Feb. 25 (Bloomberg) -- Nigeria’s telecommunications regulator fined its three biggest mobile operators 647.5 million naira ($4 million) and toughened penalties, showing waning tolerance for poor service in Africa’s second-biggest economy.

MTN Group Ltd., the Johannesburg-based market leader, and Bharti Airtel Ltd.’s third-ranked local unit must pay 185 million naira each, while Globacom Ltd. was fined 277.5 million naira for not meeting set targets including measures of connection quality, dropped calls and congestion in January, the Nigerian Communications Commission said in a statement yesterday. They’re prohibited from selling new SIM cards in March, the first time the punishment was imposed along with a financial penalty, said Tony Ojobo, the regulator’s director of public affairs.

“It can be argued that the latest sanctions of 647.5 million naira on three operators over quality of service breaches for a single month are by far the most punitive,” Kenechi Okeleke, senior analyst for ICT Research at Business Monitor for the Middle East and Africa, said by e-mail today.

Nigeria had 156 million mobile-phone connected subscriptions as of October 2013, according to the commission. User numbers are expected to grow to more than 200 million in 2017, London-based research company Informa Telecoms & Media estimates. Information and Communication Technology Minister Omobola Johnson said in a Feb. 10 interview that authorities were considering stopping SIM-card sales to force service improvements.

Market’s Surge

The commission has repeatedly fined companies for failing to meet quality standards as demand surged in Africa’s most populous nation of about 170 million people. From 2010 through 2013, Nigeria’s four main phone companies grew 78 percent, or by about 53 million subscriptions, according to Business Monitor’s estimates.

The threat of further regulatory sanctions is likely to keep mobile-phone companies’ capital investments high to match the growth in demand, Okeleke said.

“We also expect an uptick in network and tower outsourcing to third-party vendors with high performance targets,” he said.

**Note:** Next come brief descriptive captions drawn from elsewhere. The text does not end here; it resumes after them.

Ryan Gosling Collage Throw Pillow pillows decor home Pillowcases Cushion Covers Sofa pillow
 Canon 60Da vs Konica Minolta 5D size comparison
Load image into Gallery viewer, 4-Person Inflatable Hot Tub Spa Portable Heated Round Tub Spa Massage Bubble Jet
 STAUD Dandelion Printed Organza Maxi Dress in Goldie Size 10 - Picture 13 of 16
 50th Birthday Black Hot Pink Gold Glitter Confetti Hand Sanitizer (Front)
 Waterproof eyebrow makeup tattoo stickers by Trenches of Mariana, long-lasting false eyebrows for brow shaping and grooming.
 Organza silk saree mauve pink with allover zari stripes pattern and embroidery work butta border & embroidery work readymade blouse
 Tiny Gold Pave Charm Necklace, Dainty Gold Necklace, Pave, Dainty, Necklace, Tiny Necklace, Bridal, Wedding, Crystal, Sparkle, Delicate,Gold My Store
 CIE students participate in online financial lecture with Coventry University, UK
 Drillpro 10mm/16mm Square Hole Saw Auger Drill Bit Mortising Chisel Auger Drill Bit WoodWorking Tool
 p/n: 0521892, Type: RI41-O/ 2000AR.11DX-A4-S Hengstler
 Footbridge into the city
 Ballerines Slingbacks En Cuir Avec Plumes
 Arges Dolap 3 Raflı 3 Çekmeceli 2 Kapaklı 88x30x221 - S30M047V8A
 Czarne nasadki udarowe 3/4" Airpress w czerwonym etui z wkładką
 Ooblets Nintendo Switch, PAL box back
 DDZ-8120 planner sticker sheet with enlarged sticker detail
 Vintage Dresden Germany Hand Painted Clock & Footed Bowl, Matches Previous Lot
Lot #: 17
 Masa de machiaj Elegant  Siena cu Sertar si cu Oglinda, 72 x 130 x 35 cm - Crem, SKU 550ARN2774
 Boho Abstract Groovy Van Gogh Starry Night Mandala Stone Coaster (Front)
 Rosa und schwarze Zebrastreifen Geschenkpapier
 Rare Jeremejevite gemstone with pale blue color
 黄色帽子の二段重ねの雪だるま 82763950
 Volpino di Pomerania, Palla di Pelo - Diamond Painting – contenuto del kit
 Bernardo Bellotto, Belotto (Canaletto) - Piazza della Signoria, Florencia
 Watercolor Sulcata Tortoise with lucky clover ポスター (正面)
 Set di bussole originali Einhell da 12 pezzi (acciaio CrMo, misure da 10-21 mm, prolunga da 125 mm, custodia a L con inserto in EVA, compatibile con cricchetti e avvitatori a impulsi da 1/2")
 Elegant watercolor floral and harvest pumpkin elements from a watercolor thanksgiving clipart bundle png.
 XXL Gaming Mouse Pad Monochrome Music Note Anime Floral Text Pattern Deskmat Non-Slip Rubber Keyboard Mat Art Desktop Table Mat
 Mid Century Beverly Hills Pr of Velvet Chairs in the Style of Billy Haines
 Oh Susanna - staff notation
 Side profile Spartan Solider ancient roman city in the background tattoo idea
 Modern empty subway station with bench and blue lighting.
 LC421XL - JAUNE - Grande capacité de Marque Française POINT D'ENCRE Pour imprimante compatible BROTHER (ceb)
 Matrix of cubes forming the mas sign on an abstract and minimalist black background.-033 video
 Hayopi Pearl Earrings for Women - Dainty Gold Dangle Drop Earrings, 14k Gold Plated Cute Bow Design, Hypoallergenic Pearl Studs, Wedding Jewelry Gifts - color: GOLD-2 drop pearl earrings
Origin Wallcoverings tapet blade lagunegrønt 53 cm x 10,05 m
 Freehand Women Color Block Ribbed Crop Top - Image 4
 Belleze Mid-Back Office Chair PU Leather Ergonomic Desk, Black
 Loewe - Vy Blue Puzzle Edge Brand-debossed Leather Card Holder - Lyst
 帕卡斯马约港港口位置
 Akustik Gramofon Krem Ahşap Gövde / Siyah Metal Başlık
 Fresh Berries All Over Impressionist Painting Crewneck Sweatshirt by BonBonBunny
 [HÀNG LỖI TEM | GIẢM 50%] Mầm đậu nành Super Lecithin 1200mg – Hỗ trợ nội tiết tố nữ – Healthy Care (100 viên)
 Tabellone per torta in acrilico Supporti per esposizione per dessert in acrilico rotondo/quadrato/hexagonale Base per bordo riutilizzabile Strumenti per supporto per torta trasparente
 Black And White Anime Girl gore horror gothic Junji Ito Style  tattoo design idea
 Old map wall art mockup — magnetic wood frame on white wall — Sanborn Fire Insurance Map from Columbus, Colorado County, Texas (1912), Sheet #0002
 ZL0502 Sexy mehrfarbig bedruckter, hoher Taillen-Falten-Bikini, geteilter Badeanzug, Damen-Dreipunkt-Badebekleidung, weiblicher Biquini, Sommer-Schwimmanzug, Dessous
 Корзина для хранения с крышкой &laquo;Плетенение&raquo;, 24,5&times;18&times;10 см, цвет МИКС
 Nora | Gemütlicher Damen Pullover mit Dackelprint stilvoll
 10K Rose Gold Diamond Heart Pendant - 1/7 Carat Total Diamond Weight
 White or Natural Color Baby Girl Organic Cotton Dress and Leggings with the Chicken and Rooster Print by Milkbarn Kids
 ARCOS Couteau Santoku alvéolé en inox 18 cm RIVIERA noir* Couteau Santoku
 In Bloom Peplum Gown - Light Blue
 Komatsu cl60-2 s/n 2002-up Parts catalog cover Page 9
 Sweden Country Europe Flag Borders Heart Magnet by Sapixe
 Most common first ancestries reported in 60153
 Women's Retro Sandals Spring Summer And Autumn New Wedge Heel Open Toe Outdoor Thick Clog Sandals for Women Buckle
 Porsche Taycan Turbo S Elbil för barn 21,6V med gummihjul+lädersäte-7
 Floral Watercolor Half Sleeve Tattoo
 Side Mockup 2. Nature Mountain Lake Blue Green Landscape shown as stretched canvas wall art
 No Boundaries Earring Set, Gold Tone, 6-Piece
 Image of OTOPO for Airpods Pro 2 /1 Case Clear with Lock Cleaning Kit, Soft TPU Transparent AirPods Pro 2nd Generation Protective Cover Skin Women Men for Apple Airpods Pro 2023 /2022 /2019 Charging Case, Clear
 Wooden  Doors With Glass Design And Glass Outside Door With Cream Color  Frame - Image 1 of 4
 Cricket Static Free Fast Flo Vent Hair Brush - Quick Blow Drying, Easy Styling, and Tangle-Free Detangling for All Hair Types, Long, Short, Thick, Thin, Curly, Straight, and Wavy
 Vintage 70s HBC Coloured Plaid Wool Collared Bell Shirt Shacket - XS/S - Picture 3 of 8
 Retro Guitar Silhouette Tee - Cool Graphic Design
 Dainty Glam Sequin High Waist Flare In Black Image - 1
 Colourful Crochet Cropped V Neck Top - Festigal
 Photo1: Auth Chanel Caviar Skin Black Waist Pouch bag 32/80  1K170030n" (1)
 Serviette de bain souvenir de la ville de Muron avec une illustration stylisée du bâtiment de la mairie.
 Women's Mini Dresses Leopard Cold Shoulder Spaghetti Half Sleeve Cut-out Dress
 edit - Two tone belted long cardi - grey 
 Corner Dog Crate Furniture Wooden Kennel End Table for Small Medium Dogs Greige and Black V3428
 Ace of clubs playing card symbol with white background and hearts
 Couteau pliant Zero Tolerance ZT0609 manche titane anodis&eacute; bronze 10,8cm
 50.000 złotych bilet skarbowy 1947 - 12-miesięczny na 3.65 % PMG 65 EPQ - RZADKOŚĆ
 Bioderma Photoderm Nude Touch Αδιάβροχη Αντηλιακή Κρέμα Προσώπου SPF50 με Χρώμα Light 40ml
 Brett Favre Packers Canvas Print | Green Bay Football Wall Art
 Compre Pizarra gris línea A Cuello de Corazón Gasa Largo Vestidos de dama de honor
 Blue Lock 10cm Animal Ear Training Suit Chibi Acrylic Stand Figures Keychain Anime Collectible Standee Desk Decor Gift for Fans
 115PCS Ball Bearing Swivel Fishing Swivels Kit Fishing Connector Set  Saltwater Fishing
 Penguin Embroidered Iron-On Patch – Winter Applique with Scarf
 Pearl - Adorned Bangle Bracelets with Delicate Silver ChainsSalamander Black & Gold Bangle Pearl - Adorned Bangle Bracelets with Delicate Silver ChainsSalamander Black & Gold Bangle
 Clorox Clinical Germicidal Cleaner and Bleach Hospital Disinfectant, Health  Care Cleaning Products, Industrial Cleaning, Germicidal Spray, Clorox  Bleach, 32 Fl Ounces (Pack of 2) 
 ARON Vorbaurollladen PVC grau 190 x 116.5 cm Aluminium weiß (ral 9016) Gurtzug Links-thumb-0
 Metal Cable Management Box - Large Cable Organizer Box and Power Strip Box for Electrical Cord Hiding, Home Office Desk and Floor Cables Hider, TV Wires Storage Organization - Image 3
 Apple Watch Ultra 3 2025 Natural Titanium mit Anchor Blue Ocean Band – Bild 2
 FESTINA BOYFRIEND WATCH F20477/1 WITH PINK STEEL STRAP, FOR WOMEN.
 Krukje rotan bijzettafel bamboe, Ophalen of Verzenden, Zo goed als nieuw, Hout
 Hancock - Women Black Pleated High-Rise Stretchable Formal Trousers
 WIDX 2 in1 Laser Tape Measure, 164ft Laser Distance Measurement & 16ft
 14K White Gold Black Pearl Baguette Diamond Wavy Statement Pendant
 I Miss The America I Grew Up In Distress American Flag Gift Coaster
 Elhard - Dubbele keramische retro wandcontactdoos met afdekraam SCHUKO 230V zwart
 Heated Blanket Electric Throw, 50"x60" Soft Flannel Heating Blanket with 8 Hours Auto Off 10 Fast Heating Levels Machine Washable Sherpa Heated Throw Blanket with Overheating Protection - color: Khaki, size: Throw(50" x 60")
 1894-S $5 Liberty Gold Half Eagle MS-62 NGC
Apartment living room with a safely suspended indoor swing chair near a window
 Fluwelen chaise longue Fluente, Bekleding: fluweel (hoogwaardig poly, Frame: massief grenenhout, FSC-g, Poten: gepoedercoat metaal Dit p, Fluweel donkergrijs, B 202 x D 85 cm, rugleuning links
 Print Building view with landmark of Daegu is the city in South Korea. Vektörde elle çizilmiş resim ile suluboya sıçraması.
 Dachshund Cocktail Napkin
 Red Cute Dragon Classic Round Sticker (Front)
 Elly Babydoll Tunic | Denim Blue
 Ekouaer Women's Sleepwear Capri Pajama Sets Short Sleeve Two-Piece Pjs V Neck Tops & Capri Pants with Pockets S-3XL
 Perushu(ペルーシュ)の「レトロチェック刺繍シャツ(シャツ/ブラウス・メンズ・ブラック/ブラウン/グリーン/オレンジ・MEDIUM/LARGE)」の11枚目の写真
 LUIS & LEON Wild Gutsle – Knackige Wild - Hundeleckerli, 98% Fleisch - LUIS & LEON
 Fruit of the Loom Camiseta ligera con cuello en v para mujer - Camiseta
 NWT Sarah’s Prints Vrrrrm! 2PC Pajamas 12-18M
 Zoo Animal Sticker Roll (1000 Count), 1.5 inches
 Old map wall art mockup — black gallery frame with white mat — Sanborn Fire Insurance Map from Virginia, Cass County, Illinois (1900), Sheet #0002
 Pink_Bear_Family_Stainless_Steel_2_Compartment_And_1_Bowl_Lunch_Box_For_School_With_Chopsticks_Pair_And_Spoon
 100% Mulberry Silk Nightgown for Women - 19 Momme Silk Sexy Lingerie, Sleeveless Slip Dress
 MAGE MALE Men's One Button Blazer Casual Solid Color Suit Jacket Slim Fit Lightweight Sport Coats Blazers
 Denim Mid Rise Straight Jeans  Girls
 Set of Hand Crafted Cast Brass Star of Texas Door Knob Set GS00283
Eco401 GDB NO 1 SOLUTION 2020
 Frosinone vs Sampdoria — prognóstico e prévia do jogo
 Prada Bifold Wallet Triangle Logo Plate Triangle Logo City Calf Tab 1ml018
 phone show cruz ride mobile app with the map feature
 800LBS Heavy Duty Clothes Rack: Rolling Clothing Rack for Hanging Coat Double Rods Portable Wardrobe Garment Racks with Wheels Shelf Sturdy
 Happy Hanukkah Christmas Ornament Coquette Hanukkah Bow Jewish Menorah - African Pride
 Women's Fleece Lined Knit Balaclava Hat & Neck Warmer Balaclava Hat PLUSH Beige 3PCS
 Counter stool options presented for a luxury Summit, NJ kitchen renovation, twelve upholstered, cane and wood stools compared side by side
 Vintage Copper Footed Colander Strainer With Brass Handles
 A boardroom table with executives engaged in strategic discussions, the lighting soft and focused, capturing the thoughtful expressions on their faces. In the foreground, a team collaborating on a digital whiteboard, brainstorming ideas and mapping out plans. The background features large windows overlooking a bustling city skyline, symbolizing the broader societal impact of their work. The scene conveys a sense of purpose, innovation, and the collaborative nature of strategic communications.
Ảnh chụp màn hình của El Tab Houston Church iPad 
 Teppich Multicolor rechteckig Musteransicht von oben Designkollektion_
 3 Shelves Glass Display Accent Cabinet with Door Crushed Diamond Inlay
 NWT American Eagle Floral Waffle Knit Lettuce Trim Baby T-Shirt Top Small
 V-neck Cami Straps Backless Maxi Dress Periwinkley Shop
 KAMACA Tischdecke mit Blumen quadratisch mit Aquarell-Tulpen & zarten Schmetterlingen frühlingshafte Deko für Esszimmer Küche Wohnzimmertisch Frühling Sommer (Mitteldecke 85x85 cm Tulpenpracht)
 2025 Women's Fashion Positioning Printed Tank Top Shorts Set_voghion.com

Ericsson AB said on Feb. 19 that it won a five-year order to run 75 percent of MTN’s network in Nigeria. The Stockholm-based company opened a regional service center in Nigeria in an effort to convince operators that it’s more efficient to contract out management of their networks, Kamar Abass, managing director of the Swedish company’s Nigerian business and head of regional accounts for sub-Saharan Africa, said in an Aug. 27 interview.

Huawei Deal

Huawei Technologies Co. said in a statement today that it will run information-technology services for Emirates Telecommunications Corp.’s Etisalat Nigeria so the mobile operator can create “more value for its customers.” The Shenzhen, China-based company has also set up a service center in Nigeria, established last year.

Etisalat, which has been fined in the past, was the only operator among the top four in Nigeria that wasn’t penalized this time around.

“We will continue to expand our network capabilities, reach and capacity to ensure we meet the communication needs of our customers,” Chineze Amanfo, a spokeswoman for Etisalat, said in an e-mailed response to questions.

Funmi Onajide, a spokeswoman for MTN Nigeria, declined to comment. Emeka Opara, an Airtel Nigeria spokesman, said the company couldn’t immediately comment. Charles Ikoabasi, a spokesman for No. 2-ranked Globacom, didn’t reply an e-mailed requests for comment.